Sheathing the stiletto at my ankle, I straightened to study the view.

All of Verona lay beneath me bathed in twilight: the hills, the Roman arena, and the expansive piazzas.

I leaned my elbows on the rail and watched the shadows of the sun-kissed clouds slip across Verona’s red stone streets, sprawling markets, golden buildings with their rosy roofs, and wander along the showy crescents of the Adige River.

I stared, enraptured, as the occasional torch moved through the streets and the glow of firelight and candles spilled from the public houses.

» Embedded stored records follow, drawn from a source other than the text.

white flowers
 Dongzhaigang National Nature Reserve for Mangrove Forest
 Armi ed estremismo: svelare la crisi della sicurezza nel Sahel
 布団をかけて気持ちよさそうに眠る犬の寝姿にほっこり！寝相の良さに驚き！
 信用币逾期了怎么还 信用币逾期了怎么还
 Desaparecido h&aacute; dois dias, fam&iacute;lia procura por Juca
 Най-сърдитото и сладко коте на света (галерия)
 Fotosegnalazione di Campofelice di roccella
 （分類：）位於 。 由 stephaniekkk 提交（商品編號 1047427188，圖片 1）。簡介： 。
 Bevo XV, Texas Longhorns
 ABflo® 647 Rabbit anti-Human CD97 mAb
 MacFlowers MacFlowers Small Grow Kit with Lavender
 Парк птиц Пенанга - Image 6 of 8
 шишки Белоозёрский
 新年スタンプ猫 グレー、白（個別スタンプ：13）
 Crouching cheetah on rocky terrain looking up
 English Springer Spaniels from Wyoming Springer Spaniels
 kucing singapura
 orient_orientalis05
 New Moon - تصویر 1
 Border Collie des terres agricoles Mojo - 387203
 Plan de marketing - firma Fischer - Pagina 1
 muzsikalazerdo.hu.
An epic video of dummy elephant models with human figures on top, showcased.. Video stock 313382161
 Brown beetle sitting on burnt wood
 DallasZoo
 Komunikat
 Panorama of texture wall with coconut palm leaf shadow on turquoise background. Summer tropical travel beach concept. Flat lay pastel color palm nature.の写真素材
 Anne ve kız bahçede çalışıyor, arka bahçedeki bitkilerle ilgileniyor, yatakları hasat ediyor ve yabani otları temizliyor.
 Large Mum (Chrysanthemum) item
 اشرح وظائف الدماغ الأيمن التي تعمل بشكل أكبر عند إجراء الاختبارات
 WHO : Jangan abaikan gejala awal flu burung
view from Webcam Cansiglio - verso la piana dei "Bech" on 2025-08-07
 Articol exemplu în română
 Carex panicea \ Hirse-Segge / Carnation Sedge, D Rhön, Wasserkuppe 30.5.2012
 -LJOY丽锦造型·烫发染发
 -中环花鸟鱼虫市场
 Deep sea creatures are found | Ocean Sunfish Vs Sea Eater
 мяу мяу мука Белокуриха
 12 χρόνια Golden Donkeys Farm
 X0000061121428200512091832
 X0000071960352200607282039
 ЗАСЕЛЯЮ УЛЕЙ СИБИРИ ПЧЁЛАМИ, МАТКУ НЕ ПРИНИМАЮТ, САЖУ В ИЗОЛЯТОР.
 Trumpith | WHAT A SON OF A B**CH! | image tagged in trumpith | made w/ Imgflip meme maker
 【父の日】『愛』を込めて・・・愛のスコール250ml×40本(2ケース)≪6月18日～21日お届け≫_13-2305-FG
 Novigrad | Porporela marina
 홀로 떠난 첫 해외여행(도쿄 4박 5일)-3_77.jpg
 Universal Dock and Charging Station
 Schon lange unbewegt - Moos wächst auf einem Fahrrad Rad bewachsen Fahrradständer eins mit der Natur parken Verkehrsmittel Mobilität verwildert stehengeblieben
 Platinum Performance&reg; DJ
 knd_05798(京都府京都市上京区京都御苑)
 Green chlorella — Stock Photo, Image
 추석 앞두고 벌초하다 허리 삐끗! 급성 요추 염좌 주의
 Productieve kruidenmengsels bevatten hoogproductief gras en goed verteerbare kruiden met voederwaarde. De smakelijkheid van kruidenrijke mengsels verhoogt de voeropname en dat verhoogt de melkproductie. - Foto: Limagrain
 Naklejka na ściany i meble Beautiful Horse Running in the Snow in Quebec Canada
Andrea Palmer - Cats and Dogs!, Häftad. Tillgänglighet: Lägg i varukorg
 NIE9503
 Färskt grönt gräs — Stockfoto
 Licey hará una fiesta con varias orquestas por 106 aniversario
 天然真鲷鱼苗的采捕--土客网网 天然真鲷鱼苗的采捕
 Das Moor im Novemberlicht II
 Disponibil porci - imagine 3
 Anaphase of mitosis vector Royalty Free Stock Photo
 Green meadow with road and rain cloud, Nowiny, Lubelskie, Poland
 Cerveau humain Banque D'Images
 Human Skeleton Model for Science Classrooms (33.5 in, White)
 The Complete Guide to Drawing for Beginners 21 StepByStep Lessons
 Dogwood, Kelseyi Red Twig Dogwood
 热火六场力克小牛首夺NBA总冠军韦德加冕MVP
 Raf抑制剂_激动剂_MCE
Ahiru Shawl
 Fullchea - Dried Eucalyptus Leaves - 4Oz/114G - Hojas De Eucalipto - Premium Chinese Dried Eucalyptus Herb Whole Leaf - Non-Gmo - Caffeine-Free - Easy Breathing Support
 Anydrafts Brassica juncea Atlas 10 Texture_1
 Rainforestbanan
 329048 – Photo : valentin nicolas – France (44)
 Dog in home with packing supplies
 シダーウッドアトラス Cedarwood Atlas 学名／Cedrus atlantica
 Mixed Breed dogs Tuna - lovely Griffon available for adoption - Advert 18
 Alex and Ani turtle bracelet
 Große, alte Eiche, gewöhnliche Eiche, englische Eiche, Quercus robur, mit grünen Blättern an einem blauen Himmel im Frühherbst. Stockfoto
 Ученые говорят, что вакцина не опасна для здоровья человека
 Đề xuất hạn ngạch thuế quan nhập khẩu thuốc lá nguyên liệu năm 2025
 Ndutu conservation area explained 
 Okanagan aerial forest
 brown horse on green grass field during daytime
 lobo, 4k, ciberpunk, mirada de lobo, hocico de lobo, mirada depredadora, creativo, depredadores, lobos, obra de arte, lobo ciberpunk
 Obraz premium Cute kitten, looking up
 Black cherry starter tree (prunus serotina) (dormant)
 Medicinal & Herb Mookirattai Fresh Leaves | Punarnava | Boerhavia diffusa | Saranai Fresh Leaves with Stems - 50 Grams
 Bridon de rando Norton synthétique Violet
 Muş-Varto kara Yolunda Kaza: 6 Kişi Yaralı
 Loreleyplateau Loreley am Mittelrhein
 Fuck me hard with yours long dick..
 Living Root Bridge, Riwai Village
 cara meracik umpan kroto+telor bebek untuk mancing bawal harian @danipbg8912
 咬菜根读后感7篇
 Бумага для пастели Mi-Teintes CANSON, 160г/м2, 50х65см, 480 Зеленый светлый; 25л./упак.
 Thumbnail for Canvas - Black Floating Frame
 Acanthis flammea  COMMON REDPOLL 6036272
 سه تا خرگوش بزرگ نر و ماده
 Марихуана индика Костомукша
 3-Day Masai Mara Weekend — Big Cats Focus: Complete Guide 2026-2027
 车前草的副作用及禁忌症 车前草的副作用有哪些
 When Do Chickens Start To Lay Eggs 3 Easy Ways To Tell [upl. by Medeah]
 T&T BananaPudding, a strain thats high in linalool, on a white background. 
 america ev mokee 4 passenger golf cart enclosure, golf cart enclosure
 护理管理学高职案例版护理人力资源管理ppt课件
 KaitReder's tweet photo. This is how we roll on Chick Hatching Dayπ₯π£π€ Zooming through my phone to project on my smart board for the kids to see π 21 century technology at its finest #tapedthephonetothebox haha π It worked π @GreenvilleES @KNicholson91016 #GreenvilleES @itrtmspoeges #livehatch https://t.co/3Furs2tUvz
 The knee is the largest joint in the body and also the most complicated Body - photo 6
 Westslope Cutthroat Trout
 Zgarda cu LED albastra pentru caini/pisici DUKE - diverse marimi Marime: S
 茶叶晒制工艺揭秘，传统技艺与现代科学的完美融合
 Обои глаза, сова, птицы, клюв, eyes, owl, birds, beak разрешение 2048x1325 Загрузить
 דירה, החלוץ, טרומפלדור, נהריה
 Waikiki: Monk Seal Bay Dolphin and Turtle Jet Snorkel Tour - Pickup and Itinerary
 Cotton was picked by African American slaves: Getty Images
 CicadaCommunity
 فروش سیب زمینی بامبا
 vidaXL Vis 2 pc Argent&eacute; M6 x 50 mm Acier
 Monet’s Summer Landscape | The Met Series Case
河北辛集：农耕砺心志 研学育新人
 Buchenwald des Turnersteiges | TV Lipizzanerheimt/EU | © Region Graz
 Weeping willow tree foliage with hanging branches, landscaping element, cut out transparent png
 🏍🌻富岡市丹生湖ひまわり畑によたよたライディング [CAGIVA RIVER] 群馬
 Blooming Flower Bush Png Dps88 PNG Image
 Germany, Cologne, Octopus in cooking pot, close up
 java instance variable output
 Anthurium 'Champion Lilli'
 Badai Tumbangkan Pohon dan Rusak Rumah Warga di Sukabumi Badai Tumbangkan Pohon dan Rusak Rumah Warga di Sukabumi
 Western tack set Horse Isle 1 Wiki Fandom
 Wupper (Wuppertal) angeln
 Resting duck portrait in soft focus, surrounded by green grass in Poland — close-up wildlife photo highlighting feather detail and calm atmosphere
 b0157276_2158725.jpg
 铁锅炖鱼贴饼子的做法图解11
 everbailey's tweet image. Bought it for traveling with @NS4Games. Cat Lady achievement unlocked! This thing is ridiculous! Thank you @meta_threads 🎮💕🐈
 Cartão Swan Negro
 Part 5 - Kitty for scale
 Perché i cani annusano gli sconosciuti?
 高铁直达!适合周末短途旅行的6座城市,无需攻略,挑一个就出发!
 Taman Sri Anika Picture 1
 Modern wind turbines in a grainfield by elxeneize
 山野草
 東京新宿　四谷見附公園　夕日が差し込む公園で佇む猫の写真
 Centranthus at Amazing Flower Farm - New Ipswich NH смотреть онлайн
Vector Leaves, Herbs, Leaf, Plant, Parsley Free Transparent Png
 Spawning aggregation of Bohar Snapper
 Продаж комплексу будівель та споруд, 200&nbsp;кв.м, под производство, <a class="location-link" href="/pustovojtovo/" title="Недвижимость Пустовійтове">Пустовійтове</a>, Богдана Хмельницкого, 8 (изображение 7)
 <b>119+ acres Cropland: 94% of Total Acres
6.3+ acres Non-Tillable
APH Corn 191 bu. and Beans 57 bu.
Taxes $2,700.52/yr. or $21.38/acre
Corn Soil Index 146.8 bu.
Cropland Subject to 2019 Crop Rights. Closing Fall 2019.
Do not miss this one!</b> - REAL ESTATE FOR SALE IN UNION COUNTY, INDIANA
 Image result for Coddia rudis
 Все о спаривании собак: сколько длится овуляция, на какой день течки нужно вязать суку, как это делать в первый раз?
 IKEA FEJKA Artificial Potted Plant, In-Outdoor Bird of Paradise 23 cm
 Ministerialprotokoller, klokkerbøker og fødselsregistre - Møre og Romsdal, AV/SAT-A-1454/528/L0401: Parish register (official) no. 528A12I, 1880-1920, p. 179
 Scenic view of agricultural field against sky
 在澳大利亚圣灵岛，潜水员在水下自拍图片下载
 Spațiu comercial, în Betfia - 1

It was beautiful, my city, and I loved it with all my heart; yet right now, if I could follow those clouds and those shadows, and travel the countryside and escape even for a few moments these city walls, how swiftly I’d leave this all behind!

“Lady Rosaline.”

The voice, much amplified, spoke near me, and I jumped so hard I bit my tongue. I whirled to face—a man emerging from the stone wall. I mean, like, materializing through cold, hard rock.

I’d seen this man recently.

Prince Escalus the elder. The man in the portrait. The man with the golden hair and the striking green eyes. The father of Prince Escalus the younger and Princess Isabella, who, for lo these many years, had been moldering in the grave.

“Wait.” I pointed an accusing finger at him. “You’re dead.”